Mine is gas heated and our electricity bill even with the car is less than we were running when I lived in Texas with our traditional water heater. (Most of that is probably because we are in new construction built in 2010 with good insulation, thermal windows, radiant barrier, etc - its efficient enough that solar doesn't make $$ sense for us. My house in TX on the other hand was built in 1983.)

But honestly I don't worry about any efficiency standards for our tankless water heater - I love the endless hot water it provides. So it doesn't matter how many overnight guests we have and if everyone is taking a shower in the morning or if the dishwasher and laundry are running. Everyone has hot water.
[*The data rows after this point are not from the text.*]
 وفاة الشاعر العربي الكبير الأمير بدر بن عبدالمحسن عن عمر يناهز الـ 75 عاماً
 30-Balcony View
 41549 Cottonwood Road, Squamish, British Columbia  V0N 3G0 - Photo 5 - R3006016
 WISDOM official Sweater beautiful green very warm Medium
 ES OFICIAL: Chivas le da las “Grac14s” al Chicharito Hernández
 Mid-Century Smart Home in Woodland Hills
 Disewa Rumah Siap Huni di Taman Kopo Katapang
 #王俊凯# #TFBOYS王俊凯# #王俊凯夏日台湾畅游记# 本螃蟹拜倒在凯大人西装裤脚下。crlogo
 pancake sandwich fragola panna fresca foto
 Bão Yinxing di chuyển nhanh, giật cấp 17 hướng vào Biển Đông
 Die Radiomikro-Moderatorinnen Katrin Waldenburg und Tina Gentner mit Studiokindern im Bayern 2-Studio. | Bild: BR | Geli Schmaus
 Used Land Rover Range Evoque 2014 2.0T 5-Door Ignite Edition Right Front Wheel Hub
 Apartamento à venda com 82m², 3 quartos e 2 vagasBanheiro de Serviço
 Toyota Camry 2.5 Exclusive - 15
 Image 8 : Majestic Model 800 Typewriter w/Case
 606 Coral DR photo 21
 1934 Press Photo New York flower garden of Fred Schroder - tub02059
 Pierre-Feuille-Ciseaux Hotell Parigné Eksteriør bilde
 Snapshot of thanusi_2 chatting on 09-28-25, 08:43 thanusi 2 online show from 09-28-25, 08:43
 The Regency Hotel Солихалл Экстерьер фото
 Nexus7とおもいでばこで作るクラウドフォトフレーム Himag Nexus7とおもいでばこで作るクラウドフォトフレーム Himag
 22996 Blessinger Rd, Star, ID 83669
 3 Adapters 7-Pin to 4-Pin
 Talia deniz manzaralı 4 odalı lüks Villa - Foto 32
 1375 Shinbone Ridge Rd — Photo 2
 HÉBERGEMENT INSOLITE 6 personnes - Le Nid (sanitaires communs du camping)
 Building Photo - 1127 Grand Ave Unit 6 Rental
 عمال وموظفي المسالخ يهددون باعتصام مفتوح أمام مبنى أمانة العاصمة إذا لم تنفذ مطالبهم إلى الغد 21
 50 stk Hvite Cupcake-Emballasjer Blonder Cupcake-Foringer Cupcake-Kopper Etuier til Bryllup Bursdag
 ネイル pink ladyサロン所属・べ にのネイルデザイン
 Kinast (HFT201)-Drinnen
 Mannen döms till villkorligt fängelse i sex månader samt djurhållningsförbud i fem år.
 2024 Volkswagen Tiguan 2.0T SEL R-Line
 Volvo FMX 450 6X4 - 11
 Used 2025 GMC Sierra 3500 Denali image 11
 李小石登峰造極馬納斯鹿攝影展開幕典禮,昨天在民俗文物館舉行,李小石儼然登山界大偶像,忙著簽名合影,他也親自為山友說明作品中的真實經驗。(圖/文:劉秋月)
And I got extra storage space in the garage in the nook where the traditional water heater was designed to go.
How often do you acid back-flush it? Most places in SoCal have hard water that quickly limes up the passages in the heat exchanger, so much so that Rinnai warranty is void in the area. Recommendation is to back-flush with white vinegar for an hour every 6 months to keep water passages clean enough to continue to work. You have to take it off-line, connect a pump to a 5 gallon bucket of vinegar and circulate it through the tankless unit's internal lines for 30 to 60 minutes.

For any house that is not vacant for at least half the time, tankless is of no advantage.
 
20+ years ago I installed a Themomax solar collector, I get 160 gallons of hot water per day and my girls can blow through that in a day. The cost to run the system, a few pennies, I have to pay to run two Groundfos circulators. My system consists of the following: a solar collector giving me 160 gal of free hot water, that goes into my tankless before going on to the shower etc. Oh, the system paid for itself many years ago, so now it's just about free.

The tankless doesn't even start up in the summer and when it does it may bring the temp up from 95 to 105. In the winter I turn off the tankless and run the water through my boiler, I have to heat the house so the boiler does the lifting if I need to add heat to the shower water.

I would never buy an electric tankless heater. Heat pumps are only efficient if the air temp is 45 deg. or greater.